Don Ferrier first learned about energy modeling in 2004, when he was about to start construction on Heather’s House, a breakthrough project named for (and now occupied by) his daughter that put residential building science under the microscope of actual practice.
Pegged as a Building America project, the house underwent an energy modeling analysis by Building Science Corp., a Boston-based consortium partner in the DOE program. The process enlightened Ferrier to the benefits of such scrutiny and became a tool to improve his practices, alter his specs, and push the envelope of energy efficiency and overall housing performance.
“The parameters of Heather’s House were that anything with a cost premium had to pay back in five years or less,” says Ferrier. “We gained a lot of insight comparing the initial costs and energy savings of the whole house and most of its component parts to arrive at the best solutions.”
Still, Ferrier does not consider energy modeling a panacea ... or even his best weapon to gauge return on investment. “The programs aren’t as exact as I wish they were,” he says, noting that most modeling overstates the energy savings potential for a building or given product compared with actual results, a factor Ferrier chalks up to unanticipated occupant behavior and variations among products and systems.

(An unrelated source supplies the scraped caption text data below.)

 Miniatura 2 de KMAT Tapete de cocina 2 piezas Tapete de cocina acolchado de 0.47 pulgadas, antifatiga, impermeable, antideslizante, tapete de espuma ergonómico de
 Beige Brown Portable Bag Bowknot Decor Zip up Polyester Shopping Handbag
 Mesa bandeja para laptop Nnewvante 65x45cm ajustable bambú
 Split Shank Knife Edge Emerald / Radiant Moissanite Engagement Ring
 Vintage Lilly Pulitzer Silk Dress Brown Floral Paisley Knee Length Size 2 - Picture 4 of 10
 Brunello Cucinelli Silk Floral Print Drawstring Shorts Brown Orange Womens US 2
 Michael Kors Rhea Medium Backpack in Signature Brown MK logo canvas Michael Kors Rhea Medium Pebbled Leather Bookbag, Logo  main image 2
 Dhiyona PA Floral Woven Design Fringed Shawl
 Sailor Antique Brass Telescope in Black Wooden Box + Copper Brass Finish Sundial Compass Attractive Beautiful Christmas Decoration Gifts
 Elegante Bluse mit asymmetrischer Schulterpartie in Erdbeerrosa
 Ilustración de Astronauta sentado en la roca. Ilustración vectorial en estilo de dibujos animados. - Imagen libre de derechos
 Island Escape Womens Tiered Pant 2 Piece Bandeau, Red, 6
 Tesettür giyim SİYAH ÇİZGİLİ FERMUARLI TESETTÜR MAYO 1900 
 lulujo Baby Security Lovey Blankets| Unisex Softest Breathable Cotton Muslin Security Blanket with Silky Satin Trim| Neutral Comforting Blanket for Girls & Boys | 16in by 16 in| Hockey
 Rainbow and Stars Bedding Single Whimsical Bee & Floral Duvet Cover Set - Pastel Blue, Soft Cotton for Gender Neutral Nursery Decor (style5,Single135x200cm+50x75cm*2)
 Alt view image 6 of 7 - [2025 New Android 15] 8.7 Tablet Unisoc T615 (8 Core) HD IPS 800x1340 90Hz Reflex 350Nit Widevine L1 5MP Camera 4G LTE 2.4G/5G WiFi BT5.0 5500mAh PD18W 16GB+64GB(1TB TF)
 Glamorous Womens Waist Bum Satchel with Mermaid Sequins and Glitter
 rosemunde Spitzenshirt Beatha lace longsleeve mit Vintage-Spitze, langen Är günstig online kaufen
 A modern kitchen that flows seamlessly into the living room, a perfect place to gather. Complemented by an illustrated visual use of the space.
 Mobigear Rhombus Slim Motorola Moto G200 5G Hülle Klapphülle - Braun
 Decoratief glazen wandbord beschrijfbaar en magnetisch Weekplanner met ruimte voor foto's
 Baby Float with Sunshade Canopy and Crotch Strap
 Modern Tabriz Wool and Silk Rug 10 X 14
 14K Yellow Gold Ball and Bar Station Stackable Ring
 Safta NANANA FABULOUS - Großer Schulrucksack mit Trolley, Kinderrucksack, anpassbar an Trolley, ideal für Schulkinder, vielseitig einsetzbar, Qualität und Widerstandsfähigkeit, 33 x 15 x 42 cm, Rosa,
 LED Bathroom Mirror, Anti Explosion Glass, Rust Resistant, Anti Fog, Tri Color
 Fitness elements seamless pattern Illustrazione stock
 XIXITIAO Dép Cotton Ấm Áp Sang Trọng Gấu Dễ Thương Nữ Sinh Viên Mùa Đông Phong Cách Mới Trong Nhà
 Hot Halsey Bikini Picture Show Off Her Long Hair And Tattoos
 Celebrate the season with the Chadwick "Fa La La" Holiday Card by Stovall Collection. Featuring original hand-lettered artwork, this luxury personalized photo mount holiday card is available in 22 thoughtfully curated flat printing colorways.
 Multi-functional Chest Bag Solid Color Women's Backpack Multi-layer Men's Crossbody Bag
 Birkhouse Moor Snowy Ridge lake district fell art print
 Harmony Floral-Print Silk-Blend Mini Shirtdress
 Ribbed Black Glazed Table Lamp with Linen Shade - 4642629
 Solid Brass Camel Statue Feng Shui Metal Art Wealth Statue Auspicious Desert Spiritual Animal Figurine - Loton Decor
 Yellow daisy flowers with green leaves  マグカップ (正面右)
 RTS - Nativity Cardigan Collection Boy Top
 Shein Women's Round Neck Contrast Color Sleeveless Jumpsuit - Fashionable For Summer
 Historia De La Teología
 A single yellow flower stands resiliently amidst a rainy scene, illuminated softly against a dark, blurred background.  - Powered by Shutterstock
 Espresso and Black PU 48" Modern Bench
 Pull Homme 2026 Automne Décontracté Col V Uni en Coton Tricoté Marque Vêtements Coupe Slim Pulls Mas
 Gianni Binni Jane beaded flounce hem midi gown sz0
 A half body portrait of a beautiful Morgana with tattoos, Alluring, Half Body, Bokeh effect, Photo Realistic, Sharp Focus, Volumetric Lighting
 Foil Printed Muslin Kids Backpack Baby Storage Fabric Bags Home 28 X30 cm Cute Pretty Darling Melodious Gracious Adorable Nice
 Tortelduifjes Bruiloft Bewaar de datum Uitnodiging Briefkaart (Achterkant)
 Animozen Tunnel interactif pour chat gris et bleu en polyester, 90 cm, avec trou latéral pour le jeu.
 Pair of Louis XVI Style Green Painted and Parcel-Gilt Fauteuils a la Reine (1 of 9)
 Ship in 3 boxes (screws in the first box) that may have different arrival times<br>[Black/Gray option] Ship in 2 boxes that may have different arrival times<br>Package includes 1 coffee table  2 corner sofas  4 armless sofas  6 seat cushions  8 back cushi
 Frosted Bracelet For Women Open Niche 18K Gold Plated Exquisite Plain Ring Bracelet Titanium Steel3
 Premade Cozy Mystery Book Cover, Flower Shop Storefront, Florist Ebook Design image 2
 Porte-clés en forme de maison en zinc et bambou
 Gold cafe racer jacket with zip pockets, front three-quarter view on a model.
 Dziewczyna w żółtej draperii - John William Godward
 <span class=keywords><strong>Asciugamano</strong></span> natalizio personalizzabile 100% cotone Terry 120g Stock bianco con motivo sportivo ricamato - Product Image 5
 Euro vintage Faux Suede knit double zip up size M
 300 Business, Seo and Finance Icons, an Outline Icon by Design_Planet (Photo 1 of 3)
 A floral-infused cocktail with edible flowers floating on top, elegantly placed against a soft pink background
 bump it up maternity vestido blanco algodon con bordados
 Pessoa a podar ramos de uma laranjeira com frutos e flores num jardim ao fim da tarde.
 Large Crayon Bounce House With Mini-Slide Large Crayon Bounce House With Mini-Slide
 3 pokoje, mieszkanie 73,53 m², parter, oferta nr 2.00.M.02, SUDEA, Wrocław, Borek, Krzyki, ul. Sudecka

“A passive [energy] home requires a very active homeowner,” he says. “And if every A/C unit performed exactly the same and every installation was exactly the same, it might be a more reliable tool, but that’s not reality.”
In addition, he says, most owners aren’t interested in the nitty-gritty or even making value judgments about energy investments or ROI. “They know we build high-performance houses, and they want the same thing,” says Ferrier of the 60-plus, net-zero-energy ready homes (and one actual net-zero energy home) he’s built since the early 1980s.
Today, he relies on a $450 energy modeling analysis conducted in the design phase of each new-home project by Oklahoma-based Guaranteed Watt Saver Systems to tweak his specs and gain insight into new products and systems he’s considering, such as high-SEER, split-system air-source heat pumps and cool roof designs that passively ventilate the underside of the roof finish. “Modeling allows us to go as far up the energy-efficiency scale as possible and still build within budget,” he says.
Initially populating the energy modeling software with data derived from manufacturer specs, Ferrier has since come to rely more on his experience with SIP roof and wall panels, various water heating options, and other products and systems to derive a more accurate analyses. “Sometimes we don’t get credit for things I know will reduce energy use,” he says, such as rolling shutters on west-facing windows that, if used properly and consistently, would cut solar heat gain by perhaps 90%.
He also reverts back to a trio of tenets that drive every project, no matter what the modeling program says. “You have to control the sun’s heat, make the envelope as airtight as possible, introduce controlled fresh-air ventilation, and make the shell highly insulated,” he says. “If you do those right, everything else falls into place.”
As for the future of energy modeling, specifically for small-scale, single-family housing, Ferrier isn’t hopeful for radical improvements in the short term, but he sees the industry being pushed to come up with a better mousetrap in response to demand for more precise and reliable energy-efficient practices and products.
“There are so many factors driving up overall energy use and costs, even as homes become more efficient,” he says, such as population growth and a recovering housing market that is eking out more starts every year, and even more so in markets like Texas. “At least it’s now on the mainstream radar screen.”